Desde a última reportagem do G1, publicada em janeiro de 2017, foram acrescidas ao sistema 7.952 vagas, número insuficiente para acomodar o total de presos, que ainda cresceu 2,8% em um ano, com 18.412 novos internos.
Comparando o levantamento de 2017 com o de janeiro agora:
- O Brasil prendeu mais gente que as vagas criadas nas prisões
- A superlotação oscilou pouco: de 69,2% para 68,6%
- Pernambuco ultrapassou Amazonas e voltou a ser o estado mais superlotado do país
- O percentual de presos provisórios caiu de 37,6% para 34,4%
Desde 2014, o G1 faz levantamentos sobre a situação do sistema penitenciário brasileiro. Não são considerados os dados oficiais do Levantamento Nacional de Informações Penitenciárias (Infopen) por conta da defasagem de um ano e meio.
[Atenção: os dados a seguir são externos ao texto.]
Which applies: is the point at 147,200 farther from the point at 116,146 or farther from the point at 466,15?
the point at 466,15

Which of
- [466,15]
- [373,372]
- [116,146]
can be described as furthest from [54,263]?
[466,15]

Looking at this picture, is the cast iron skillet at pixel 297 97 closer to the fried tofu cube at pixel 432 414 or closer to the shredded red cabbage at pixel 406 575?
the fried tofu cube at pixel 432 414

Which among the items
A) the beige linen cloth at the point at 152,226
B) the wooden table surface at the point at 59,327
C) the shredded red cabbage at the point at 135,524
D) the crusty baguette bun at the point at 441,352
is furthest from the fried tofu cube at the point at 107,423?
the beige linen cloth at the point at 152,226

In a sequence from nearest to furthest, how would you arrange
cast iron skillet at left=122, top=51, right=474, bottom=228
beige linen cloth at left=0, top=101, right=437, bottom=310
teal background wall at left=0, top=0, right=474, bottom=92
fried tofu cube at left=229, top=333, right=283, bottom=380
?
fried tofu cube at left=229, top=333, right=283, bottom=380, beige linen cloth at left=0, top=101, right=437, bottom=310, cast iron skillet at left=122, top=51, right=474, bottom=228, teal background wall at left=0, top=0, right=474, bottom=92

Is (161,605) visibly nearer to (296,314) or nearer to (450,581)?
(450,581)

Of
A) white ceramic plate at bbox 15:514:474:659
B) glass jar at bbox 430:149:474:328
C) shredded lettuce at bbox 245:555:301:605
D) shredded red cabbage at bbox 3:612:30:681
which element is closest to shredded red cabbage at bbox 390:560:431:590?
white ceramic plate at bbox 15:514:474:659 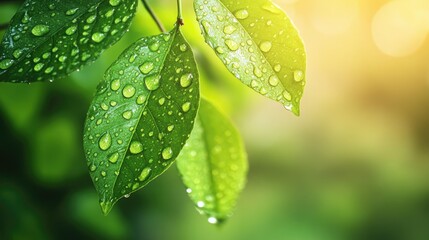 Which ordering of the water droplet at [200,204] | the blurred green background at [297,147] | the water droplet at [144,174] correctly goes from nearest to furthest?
1. the water droplet at [144,174]
2. the water droplet at [200,204]
3. the blurred green background at [297,147]

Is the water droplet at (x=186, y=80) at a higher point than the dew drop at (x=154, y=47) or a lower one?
lower

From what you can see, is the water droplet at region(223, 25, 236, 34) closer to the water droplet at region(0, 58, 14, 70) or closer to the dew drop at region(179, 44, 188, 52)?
the dew drop at region(179, 44, 188, 52)

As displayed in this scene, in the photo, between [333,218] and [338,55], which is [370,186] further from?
[338,55]

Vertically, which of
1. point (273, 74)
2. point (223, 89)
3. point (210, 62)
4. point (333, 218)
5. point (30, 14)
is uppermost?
point (30, 14)

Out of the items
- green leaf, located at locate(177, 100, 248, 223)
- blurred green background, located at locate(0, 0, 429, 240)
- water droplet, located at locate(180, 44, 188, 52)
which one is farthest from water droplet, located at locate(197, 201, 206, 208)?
blurred green background, located at locate(0, 0, 429, 240)

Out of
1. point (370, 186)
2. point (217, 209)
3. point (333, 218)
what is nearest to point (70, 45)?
point (217, 209)

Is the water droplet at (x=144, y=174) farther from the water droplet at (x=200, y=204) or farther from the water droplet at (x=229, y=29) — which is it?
the water droplet at (x=200, y=204)

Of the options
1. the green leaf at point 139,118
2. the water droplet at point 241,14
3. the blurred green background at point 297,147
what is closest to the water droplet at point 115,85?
the green leaf at point 139,118

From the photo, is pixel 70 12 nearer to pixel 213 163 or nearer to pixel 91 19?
pixel 91 19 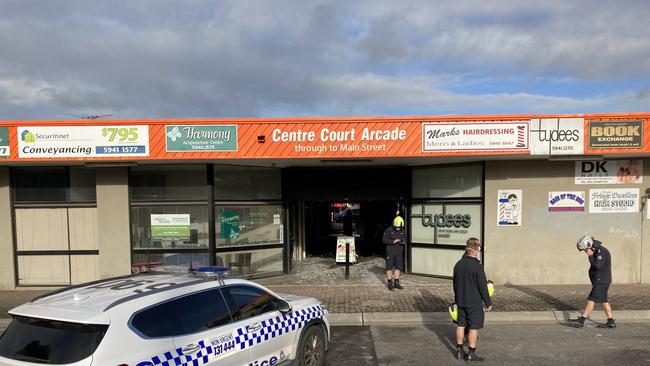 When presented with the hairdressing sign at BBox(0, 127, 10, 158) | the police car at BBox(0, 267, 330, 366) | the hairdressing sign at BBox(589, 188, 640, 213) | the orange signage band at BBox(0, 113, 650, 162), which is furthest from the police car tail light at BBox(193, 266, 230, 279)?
the hairdressing sign at BBox(589, 188, 640, 213)

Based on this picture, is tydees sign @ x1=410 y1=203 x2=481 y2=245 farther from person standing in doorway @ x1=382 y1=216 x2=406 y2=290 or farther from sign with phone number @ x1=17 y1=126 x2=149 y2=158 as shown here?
sign with phone number @ x1=17 y1=126 x2=149 y2=158

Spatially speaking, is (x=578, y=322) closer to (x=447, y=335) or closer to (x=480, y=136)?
(x=447, y=335)

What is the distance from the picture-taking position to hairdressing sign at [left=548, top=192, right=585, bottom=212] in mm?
10586

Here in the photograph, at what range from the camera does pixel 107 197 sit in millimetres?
10844

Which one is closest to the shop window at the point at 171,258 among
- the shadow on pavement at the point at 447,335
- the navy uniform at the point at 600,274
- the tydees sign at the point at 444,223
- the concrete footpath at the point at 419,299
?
the concrete footpath at the point at 419,299

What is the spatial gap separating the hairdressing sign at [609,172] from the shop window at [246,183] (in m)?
7.56

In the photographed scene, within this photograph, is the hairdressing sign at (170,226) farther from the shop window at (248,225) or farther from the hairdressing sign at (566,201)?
the hairdressing sign at (566,201)

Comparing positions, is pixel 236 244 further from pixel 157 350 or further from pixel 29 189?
pixel 157 350

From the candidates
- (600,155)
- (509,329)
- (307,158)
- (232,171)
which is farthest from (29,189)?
(600,155)

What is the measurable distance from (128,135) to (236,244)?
3.68 m

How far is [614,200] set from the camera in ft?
34.6

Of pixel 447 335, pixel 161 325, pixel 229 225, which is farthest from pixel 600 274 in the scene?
pixel 229 225

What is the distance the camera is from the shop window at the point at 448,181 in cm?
1103

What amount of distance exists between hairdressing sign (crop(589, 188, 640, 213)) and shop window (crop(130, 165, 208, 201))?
9.33 m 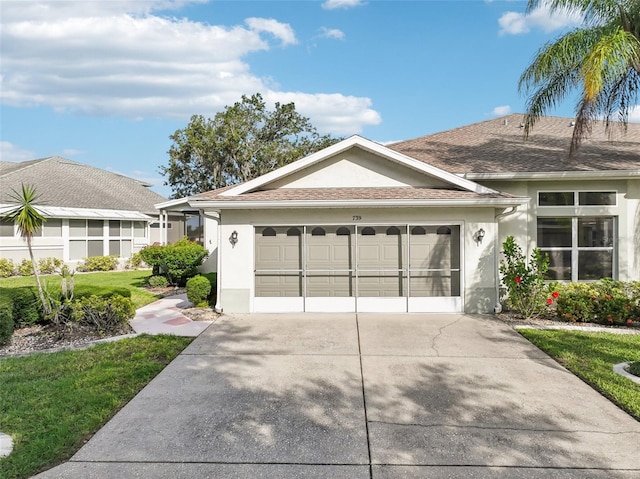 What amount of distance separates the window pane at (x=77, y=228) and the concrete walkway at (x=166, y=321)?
1150 centimetres

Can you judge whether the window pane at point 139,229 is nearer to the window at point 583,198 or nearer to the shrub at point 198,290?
the shrub at point 198,290

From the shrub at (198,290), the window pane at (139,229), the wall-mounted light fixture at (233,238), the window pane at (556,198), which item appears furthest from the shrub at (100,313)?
the window pane at (139,229)

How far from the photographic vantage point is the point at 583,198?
1067 cm

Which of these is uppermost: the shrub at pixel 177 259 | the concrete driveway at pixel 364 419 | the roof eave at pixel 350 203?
the roof eave at pixel 350 203

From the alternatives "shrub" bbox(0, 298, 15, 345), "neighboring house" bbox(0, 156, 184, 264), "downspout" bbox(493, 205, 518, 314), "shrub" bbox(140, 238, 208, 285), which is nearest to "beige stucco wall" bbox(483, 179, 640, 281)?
"downspout" bbox(493, 205, 518, 314)

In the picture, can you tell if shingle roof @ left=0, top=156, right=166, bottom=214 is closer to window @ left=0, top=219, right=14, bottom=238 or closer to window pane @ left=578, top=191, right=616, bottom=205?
window @ left=0, top=219, right=14, bottom=238

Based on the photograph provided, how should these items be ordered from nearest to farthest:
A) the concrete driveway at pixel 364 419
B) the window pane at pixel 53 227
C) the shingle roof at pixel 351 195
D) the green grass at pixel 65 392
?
the concrete driveway at pixel 364 419 < the green grass at pixel 65 392 < the shingle roof at pixel 351 195 < the window pane at pixel 53 227

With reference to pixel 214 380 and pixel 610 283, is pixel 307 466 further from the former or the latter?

Os últimos números do relatório foram divulgados em dezembro de 2017, mas se referem apenas a junho de 2016.
O levantamento do G1 não leva em consideração os presos em regime aberto que cumprem prisão domiciliar e os que cumprem apenas penas alternativas, já que eles não demandam vagas no sistema. Além disso, os dados são obtidos com todas as secretarias de Administração Penitenciária ou de Justiça, que, em muitas das vezes, excluem do dado os presos em delegacias – o que impede uma comparação direta com números do Infopen, que contabiliza estes presos.
Superlotação
Há superlotação em todos os estados do país. A pior situação é encontrada em Pernambuco, que está 181% acima da capacidade. São 30,4 mil presos para apenas 10,8 mil vagas. Em um ano, houve um aumento de 417 presos, e o estado ainda fechou 126 vagas.
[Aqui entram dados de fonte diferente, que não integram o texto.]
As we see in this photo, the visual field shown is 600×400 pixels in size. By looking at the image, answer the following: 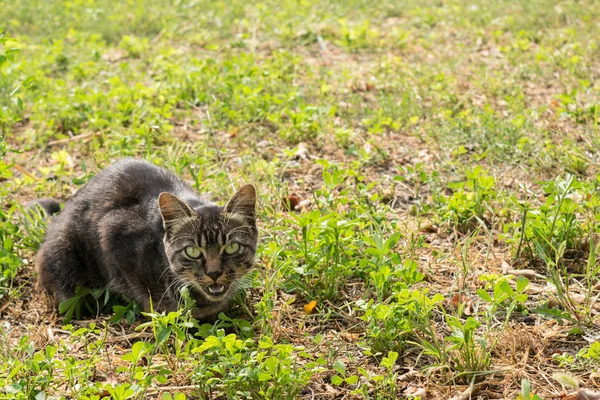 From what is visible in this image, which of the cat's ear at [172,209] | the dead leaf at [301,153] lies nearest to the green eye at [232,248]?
the cat's ear at [172,209]

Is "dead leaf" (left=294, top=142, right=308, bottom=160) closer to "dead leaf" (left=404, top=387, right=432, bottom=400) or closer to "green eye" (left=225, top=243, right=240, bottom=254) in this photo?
"green eye" (left=225, top=243, right=240, bottom=254)

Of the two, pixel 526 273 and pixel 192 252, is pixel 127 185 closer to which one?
pixel 192 252

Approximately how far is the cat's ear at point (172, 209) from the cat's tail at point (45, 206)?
137 centimetres

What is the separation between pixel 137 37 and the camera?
8.83 m

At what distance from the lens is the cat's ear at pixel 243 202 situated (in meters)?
4.05

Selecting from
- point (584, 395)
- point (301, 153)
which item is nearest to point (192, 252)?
point (584, 395)

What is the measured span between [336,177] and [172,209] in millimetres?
1194

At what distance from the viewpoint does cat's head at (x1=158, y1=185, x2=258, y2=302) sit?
399 centimetres

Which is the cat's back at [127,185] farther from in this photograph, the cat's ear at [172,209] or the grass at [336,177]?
the grass at [336,177]

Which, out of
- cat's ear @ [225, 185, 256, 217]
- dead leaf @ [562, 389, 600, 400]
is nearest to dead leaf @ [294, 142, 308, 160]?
cat's ear @ [225, 185, 256, 217]

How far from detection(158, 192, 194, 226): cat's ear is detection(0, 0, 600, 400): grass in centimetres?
54

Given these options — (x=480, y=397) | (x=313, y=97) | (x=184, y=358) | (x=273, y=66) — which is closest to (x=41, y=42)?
(x=273, y=66)

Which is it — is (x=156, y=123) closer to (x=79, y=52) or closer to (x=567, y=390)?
(x=79, y=52)

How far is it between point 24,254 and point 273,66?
3542mm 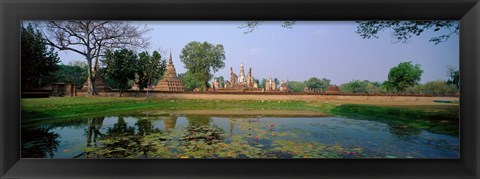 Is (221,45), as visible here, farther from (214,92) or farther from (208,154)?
(208,154)

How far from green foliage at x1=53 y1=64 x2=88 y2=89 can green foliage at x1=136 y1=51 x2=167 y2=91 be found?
396mm

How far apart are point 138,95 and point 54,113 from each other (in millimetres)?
615

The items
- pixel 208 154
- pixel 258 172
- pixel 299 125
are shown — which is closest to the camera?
pixel 258 172

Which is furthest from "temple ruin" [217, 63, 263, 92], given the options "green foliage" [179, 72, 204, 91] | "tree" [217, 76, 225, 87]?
"green foliage" [179, 72, 204, 91]

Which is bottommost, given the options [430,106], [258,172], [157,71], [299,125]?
[258,172]

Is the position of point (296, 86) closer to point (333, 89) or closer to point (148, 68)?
point (333, 89)

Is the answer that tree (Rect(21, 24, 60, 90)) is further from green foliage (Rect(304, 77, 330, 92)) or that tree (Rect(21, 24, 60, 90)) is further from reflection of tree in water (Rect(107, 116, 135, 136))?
green foliage (Rect(304, 77, 330, 92))

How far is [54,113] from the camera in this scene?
220cm

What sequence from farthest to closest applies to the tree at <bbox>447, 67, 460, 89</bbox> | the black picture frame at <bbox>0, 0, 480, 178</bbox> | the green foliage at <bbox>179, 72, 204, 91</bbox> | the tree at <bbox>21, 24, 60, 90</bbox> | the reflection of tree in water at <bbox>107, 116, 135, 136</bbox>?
the green foliage at <bbox>179, 72, 204, 91</bbox> < the reflection of tree in water at <bbox>107, 116, 135, 136</bbox> < the tree at <bbox>447, 67, 460, 89</bbox> < the tree at <bbox>21, 24, 60, 90</bbox> < the black picture frame at <bbox>0, 0, 480, 178</bbox>

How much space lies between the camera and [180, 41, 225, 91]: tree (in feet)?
7.29

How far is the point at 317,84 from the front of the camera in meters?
2.30

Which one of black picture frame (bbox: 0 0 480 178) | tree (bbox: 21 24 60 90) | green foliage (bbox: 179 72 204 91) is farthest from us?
green foliage (bbox: 179 72 204 91)

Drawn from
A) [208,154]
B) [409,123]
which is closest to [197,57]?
[208,154]

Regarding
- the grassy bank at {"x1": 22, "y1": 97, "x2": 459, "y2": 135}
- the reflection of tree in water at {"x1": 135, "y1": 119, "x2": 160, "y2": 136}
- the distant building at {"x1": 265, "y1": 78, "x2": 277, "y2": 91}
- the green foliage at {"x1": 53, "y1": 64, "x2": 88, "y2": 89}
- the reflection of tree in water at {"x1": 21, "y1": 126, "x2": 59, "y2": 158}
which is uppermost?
the green foliage at {"x1": 53, "y1": 64, "x2": 88, "y2": 89} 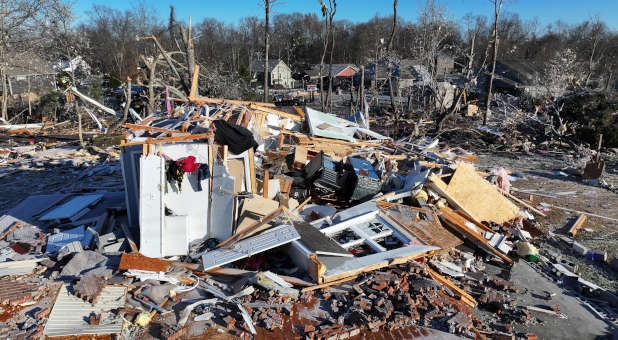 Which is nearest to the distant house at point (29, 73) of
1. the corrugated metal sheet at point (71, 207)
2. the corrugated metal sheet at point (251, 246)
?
the corrugated metal sheet at point (71, 207)

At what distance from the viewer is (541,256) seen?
6629 millimetres

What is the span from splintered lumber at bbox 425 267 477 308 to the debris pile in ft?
0.06

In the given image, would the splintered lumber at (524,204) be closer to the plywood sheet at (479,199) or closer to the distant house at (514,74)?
the plywood sheet at (479,199)

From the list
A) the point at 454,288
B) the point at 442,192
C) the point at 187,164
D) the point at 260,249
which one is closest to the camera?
the point at 454,288

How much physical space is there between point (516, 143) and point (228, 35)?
52038 mm

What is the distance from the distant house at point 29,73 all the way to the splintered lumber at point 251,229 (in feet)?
65.8

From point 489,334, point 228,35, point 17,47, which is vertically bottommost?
point 489,334

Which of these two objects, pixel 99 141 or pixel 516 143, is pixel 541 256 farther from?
pixel 99 141

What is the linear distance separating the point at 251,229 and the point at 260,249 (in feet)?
1.73

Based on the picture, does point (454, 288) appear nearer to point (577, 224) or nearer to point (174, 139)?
point (577, 224)

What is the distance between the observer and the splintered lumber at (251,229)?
5.96 meters

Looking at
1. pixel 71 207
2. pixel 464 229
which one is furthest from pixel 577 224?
pixel 71 207

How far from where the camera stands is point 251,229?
600 cm

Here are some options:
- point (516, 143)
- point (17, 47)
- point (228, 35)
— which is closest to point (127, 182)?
point (516, 143)
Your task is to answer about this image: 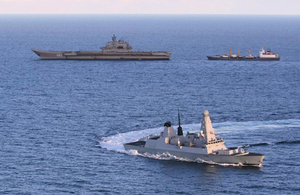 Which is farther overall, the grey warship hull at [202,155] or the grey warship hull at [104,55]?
the grey warship hull at [104,55]

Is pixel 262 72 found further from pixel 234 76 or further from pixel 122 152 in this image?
pixel 122 152

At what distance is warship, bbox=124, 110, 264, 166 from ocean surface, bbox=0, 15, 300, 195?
1.21 metres

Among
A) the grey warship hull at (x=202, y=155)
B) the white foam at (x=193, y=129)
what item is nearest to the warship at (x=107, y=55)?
the white foam at (x=193, y=129)

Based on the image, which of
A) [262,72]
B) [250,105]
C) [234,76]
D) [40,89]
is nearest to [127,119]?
[250,105]

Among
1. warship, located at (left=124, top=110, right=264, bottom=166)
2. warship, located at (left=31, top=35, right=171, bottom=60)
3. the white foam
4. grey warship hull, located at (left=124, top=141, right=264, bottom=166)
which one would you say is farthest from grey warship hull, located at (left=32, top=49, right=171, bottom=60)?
grey warship hull, located at (left=124, top=141, right=264, bottom=166)

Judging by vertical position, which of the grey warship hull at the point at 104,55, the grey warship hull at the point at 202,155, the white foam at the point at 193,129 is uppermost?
the grey warship hull at the point at 104,55

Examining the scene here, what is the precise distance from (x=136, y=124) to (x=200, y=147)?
70.0 ft

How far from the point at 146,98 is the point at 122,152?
38.2m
De acordo com a Secretaria Executiva de Ressocialização (Seres) de Pernambuco, a redução no número de vagas ocorreu por conta, entre outros pontos, da desativação temporária de duas cadeias públicas no Agreste do estado para "adequações estruturais". A pasta diz, no entanto, que a construção do Presídio de Araçoiaba, no Grande Recife, deve criar 2.754 vagas no estado. O fim das obras está previsto para este ano. Há também um edital para ampliar o Presídio de Palmares, onde serão construídos três pavilhões, com mais 532 vagas.
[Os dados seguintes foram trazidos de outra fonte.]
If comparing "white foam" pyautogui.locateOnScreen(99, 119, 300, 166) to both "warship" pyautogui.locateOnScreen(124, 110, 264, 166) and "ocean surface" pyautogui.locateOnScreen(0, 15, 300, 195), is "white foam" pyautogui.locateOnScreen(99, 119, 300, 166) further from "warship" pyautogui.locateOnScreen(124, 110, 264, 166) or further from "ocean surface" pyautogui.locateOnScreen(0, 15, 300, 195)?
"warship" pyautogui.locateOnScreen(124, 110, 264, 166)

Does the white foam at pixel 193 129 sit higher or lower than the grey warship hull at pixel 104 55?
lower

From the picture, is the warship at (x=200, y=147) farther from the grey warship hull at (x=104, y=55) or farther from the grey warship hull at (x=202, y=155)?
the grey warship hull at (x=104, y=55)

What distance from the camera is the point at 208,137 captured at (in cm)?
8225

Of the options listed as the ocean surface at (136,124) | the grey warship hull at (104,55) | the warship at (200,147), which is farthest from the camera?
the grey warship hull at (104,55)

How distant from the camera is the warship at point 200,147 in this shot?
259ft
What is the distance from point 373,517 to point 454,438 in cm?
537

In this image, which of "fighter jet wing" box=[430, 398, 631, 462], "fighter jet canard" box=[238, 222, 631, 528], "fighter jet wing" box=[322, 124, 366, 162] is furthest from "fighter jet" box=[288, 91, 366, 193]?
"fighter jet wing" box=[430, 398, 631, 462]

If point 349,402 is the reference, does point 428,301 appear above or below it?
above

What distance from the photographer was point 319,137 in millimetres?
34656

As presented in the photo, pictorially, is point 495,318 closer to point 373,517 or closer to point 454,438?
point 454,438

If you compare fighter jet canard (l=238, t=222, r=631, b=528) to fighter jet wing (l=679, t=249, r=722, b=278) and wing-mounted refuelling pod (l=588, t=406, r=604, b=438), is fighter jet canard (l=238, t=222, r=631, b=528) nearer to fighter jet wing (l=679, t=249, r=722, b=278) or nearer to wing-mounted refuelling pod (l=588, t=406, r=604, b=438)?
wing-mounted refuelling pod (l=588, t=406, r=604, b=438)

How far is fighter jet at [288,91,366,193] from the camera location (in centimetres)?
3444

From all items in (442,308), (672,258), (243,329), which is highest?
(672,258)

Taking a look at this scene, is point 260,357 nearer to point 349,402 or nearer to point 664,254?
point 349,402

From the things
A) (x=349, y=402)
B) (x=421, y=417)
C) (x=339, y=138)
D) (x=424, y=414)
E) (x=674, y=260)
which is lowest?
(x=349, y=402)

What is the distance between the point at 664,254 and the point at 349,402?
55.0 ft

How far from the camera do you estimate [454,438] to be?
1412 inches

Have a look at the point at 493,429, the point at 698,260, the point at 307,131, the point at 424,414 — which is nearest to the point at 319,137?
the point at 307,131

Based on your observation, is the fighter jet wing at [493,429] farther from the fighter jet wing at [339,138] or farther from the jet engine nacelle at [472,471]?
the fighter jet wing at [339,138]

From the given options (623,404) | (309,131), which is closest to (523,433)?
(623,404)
Outros estados também diminuíram o número de vagas entre 2017 e 2018. Em Rondônia, o total de vagas caiu de 6.257 para 5.868 por conta da desativação e unificação de unidades prisionais. O mesmo aconteceu em Roraima, com o fechamento de uma ala prisional da Penitenciária Agrícola de Monte Cristo para reformas, e no Tocantins, com a desativação de uma unidade de regime semiaberto.
Na Paraíba, o fechamento de vagas ocorre por conta de reformas. A Secretaria de Administração Penitenciária diz que um novo pavilhão deve criar 160 vagas e que um presídio regional será construído, com 600 vagas, na zona rural de Gurinhém, município a 100 km de João Pessoa.
Segundo agentes penitenciários entrevistados pelo G1, a superlotação está diretamente ligada a episódios de violência e rebeliões nos presídios, bem como à formação e ao fortalecimento das facções.
"A gente, muitas vezes, acha que você prender o criminoso e jogar numa cela soluciona o problema. Ao contrário, ali está nascendo uma nova roupagem do crime. Ele vai apenas se especializar", diz Juscélio Álvares, agente penitenciário há 8 anos no Rio Grande do Norte.
"Às vezes, a Polícia Militar faz um excelente trabalho ostensivo. A Polícia Civil faz um excelente trabalho investigativo. Mas tem o seu trabalho frustrado por uma fuga do preso, por exemplo. Ou quando se coloca lá um preso onde se colocam também 10, 20, 30 presos. E eles vão se unir e se organizar em uma facção. Isso tudo explode e volta para a sociedade”, diz.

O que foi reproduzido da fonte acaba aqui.